To point out something even more obvious to where people will overlook it, of course "language models" will resemble humans because it's based on the language models of humans. Hypothetically create an AI based on cat communication methods and see if it seems human in any way.
Aella's also making another logical error here (ironic for a rationalist to make so many) that's also pretty obvious. She's expecting machines to be different when she has no evidence they should be different. Especially in regards to machines created by humans in which the interaction with humans is of prime concern and value to the people creating them to where this is almost required as an inherent feature. I had to make the above cat AI hypothetical because there's a natural problem with a human creating a machine that cannot be understood by humans. It's nice to think we understand cats but ultimately we do not because no human has experienced being a cat to know how correct the understanding is to a cat. (Especially not otherkin.)
You'd think a rationalist (and a libertarian one at that) would be much more skeptical of basic premises and presumptions, especially those that are common narratives but may not have any underlying foundation or direct evidence to support them. Instead Aella almost seems like another dumb chick on Twitter sperging her ignorance everywhere. This obviously can't be the case but I can see why some might be misled and therefore belittle her significant scientific achievements.

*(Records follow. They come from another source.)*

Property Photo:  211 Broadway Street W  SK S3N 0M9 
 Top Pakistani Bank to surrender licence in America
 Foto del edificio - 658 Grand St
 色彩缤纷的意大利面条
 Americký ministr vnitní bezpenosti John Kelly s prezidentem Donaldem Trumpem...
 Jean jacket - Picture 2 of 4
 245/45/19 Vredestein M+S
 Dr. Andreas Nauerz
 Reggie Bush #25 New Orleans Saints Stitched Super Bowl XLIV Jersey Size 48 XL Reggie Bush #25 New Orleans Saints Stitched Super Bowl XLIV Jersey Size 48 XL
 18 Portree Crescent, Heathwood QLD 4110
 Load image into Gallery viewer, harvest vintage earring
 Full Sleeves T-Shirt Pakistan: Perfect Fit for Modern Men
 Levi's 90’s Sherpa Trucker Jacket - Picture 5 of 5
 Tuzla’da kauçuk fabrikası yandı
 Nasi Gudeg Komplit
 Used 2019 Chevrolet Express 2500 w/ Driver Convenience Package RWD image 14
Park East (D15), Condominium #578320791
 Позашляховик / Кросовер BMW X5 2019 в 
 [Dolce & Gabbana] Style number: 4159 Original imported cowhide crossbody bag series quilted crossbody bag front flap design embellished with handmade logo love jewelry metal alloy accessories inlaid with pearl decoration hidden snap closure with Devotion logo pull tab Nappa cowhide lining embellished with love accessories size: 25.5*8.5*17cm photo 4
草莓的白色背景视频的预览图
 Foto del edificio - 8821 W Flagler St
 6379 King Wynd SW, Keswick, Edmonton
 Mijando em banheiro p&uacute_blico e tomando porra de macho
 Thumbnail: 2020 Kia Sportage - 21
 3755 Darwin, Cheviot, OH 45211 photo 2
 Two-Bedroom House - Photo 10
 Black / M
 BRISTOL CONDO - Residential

You're spot on, and to add a little bit, language models like ChatGPT are even more uncanny valley than a lot of other machine learning applications. I don't do any research, and I haven't worked on language models, but I have enough background to read academic papers and I do for work sometimes. So, I know enough to sperg about how dumb her statement is.
Think about an image recognition model. That makes a lot more intuitive sense for a computer to handle. When a dumb gay captcha asks you to click off a bunch of crosswalks, it's not that too tough to describe how a computer program checks that you clicked the crosswalks: it does some normalization/preprocessing to the image, and when that image is reasonably clear, they know that a crosswalk will have a very specific shape and patterns in its coloration, stuff like that.
Even for more complicated image recognition tasks, like recognizing if a cat or a dog is in a picture, it still makes sense. We know that a cat's eyes should be about so big in relation to its face, it should have two ears, and those should have a certain shape and be in a certain place relative to the eyes and the nose and so on. It's pretty easy to understand the broad strokes of a cat-recognizing program would be made. It's way tougher to make that program, but you could explain how it works to a 5 year old.
All of that makes sense because pictures have a really straightforward way to be stored/represented in computers; just a big matrix of RGB (or grayscale or whatever, but who gives a shit about that) numbers. So when they teach neural networks and deep learning, there's simple enough ways to show which part of the neural net recognizes a cat's ears, which part recognizes the tail and whiskers, and so on. For commercial applications, explainability is often pretty important. Computers work with numbers, at the most primitive level for a computer, everything's all 0s and 1s, high voltage or low/no voltage. All the stuff in those last couple paragraphs applies to video and audio too too, optics and acoustics are really old and well understood fields of physics AFAIK.
But for language, there isn't as straightforward of a way to present words and sentences to a computer as there is for images. You may want similar words/phrases to be numerically close to each other, but when it sees "dog", it needs to understand the context. And what about sarcasm, or a dozen other different things? Humans are pretty unique in having language skills, and there's a ton of work that's been done in making computer language models more sophisticated, and that work is legitimately impressive. But again, it all boils down to numbers. So, what ChatGPT is doing is way different from how people develop and understand language.
I mean, ChatGPT is genuinely neat and fun to play around with. The progress that's been made over the iterations of the GPT model is really impressive. But claiming it works similarly to the human brain is just so fucking retarded.